1.1 Role Study: establish the overall vision and direction for the Centre

1.2 Facility Programming: identify the services / programs to be provided at the Centre and the staffing / volunteers needed. Translate this information into specific space requirements (Master Program).  Create a complete list of all structures, interior and exterior spaces, along with their square footages, specific attributes and interrelationships.  The list can be developed in more and more detail as the Project progresses.

1.3 Master Planning: develop a graphic illustration of the requirements identified in the Master Program including preliminary cost estimates (Master Plan).

1.4 Feasibility Studies: investigate what is actually possible or allowed for a particular site or building, given the vision for the Centre and the requirements set forth by the Master Program and Master Plan exploring ‘what if’ scenarios before committing substantial dollars.

1.5 Sustainability Evaluation: determine the level of sustainability that is preferred for the project in terms of building envelope and energy systems. This will be directly impacted on whether the space is rented or purchased.

1.6 Site Selection: for a Centre considering relocating their facilities they should first complete the Role Study, Facility Programming which will provide the overall size of the space you are seeking.
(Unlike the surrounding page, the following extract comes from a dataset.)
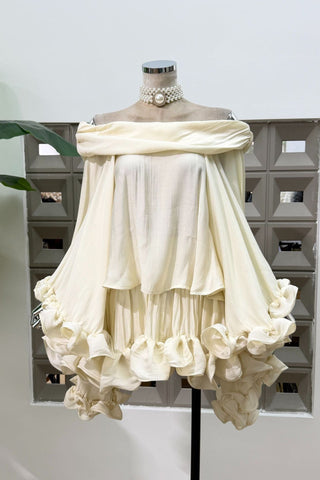 Off-Shoulder Flowing Chiffon Mini Set with Soft Ruffle Details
Then, the Centre can embark on a Feasibility Study as noted above to explore if the relocation might involve buying land with the intention to build, buying a property with existing facilities, or leasing new space within an existing facility.

Detailed Description

1.1 Role Study – This step identifies the vision and direction both in the present and the future for the Centre. This process is important to complete before developing the facility programming and feasibility studies as this is the ground or view that the next steps will be based on. Without this step the subsequent steps will be a challenge to get support from the community. The Role Study is completed by addressing the following questions:

  • What are the current needs (programs, services and staff – paid / volunteer) now and projected for the next 5-10 years?
  • What do you offer that works well now? What do you offer that does not work well?
  • Where do the participants and members live (mapped using zip or postal codes)?
  • What are the gaps in the services / programs / staff / volunteers?
  • How can these gaps best be addressed?
  • Where and how should you deliver your services / programs? Could these be addressed through satellite locations in the region?
  • What partnerships do you have/need that might help meet these needs?
  • How is membership coordinated / initiated? Could this be improved / expanded?
  • What are the deficiencies with the current space?
  • What is your current financial situation (one time donations, program income, recurring donations compared with staff, program and facility costs)? What will the impact of a new vision / approach have on the financial picture or what room do you have for increasing the income at the Centre?
  • Assemble this information into a draft report. Approach this first step with an open mind and open ended questions. It is best to setup a steering committee (of staff and selected community members say 8-10 people or what seems to work for you) to gather and process this information. With the draft in place, setup meetings with the full community to present the findings, outstanding questions and seek their input and guidance.
  • With this input create the Role Study can be published, handed out and posted on your website. This can then be updated as you go along.
  • Once this work is done you are ready to move onto the next phase of planning.
  • Review Process

1.2 Facility Programming, called a Master Program is a narrative document that describes the services / programs to be provided at the Centre and the staff to carry out that work as delineated in the Role Study and then translated into a list of required space. The components of the Master Program include:

  • A list of the services and programs to be provided including the volume of people attending each, when they occur during the week/month/year and a projection of what those volumes might look like in the next 5-10 years.
  • A list of existing staff (paid) and volunteers and a projection of the number of staff and volunteers to be present in the next 5-10 years.
  • A list of existing space. The net square feet or meters of each useable room / space in the Centre (the useable area of each room).
  • Room Summary – translation of the projected services and staff / volunteers into space requirements on a room-by-room basis. A code (W) will be provided to indicate which rooms should be wheelchair accessible. The spaces will be listed in net square feet or meters (the useable area in each room); departmental square feet or meters (the area bounded by all individual rooms in a department including circulation within the department, interior walls and ½ of any shared corridors with other departments); and building gross square feet or meters (as required) to account for exterior walls, elevators, stairs, mechanical shafts and mechanical / electrical equipment rooms.
  • Review Process

1.3 The Master Plan provides a graphic illustration of the requirements identified in the Master Program. It demonstrates how the required space in block schematic form can be situated at a given location or site. As required, this would include a Master Site Plan showing the proposed placement of the building, building entrances and parking areas. The Master Plan indicates the location of all spaces and their relationship to other spaces on one or more levels. The Master Plan includes an estimated opinion of probable construction and project cost. This is a cost effective step before the Centre commits significant dollars for design / construction work. This step is often done in parallel with a Feasibility Study.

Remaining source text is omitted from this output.